Extracted data:
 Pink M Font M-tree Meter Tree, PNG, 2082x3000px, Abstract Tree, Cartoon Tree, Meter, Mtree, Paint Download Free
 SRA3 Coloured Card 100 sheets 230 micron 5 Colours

--

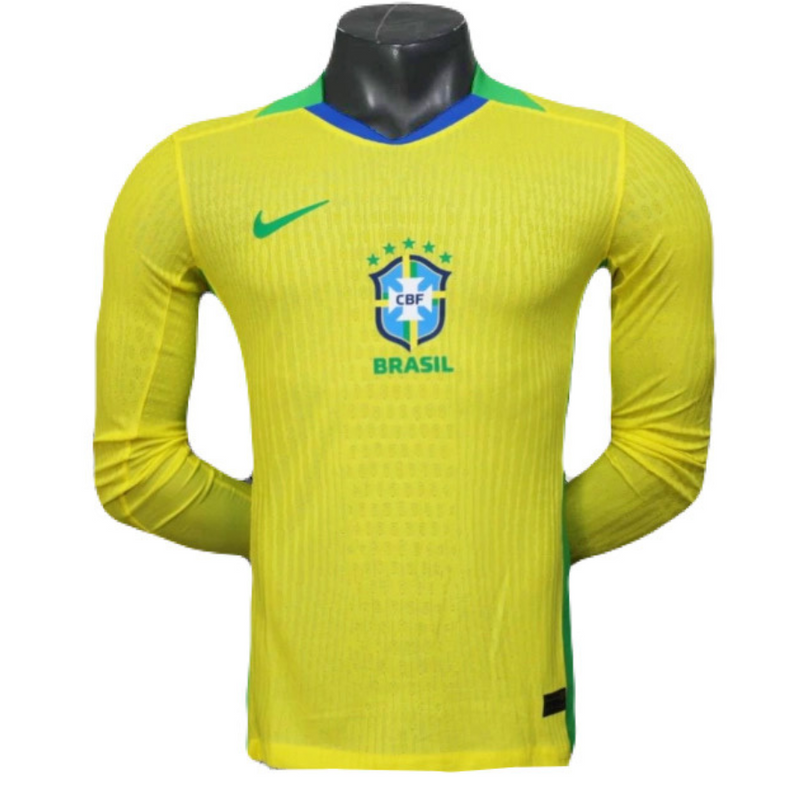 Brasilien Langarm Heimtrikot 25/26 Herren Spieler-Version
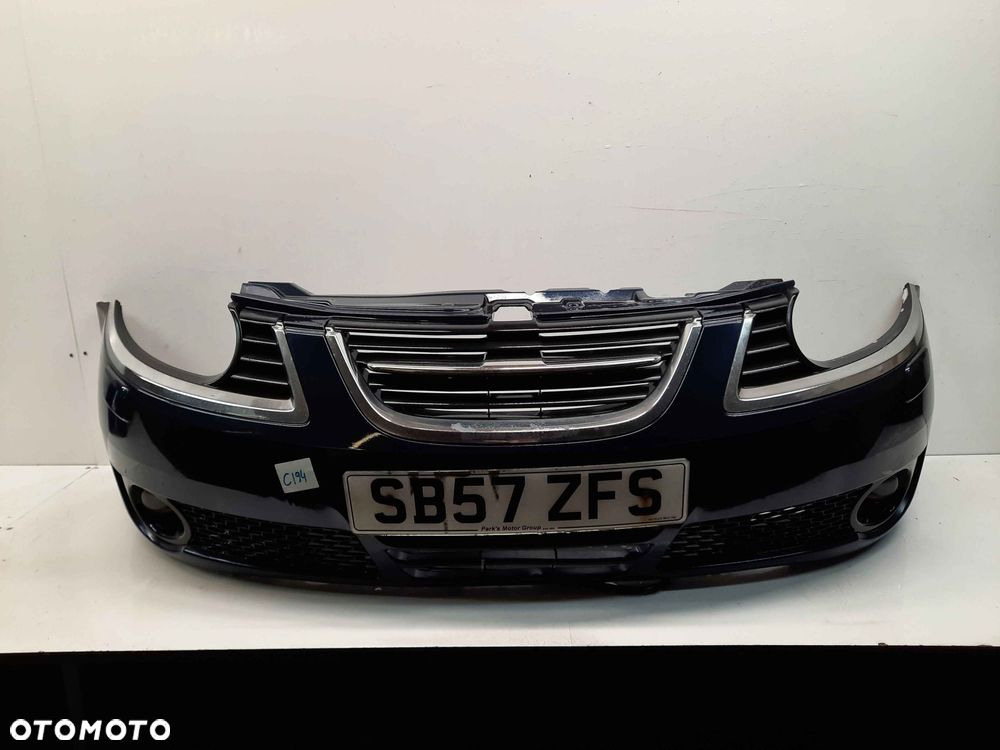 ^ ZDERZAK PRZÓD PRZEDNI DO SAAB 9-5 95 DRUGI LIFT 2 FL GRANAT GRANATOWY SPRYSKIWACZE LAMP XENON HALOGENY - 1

What is required:
Look through the data above and return exactly the lines from the one that contains "Pink M Font" to the one that contains "SRA3 Coloured Card", inclusive, with nothing else.

The answer:
 Pink M Font M-tree Meter Tree, PNG, 2082x3000px, Abstract Tree, Cartoon Tree, Meter, Mtree, Paint Download Free
 SRA3 Coloured Card 100 sheets 230 micron 5 Colours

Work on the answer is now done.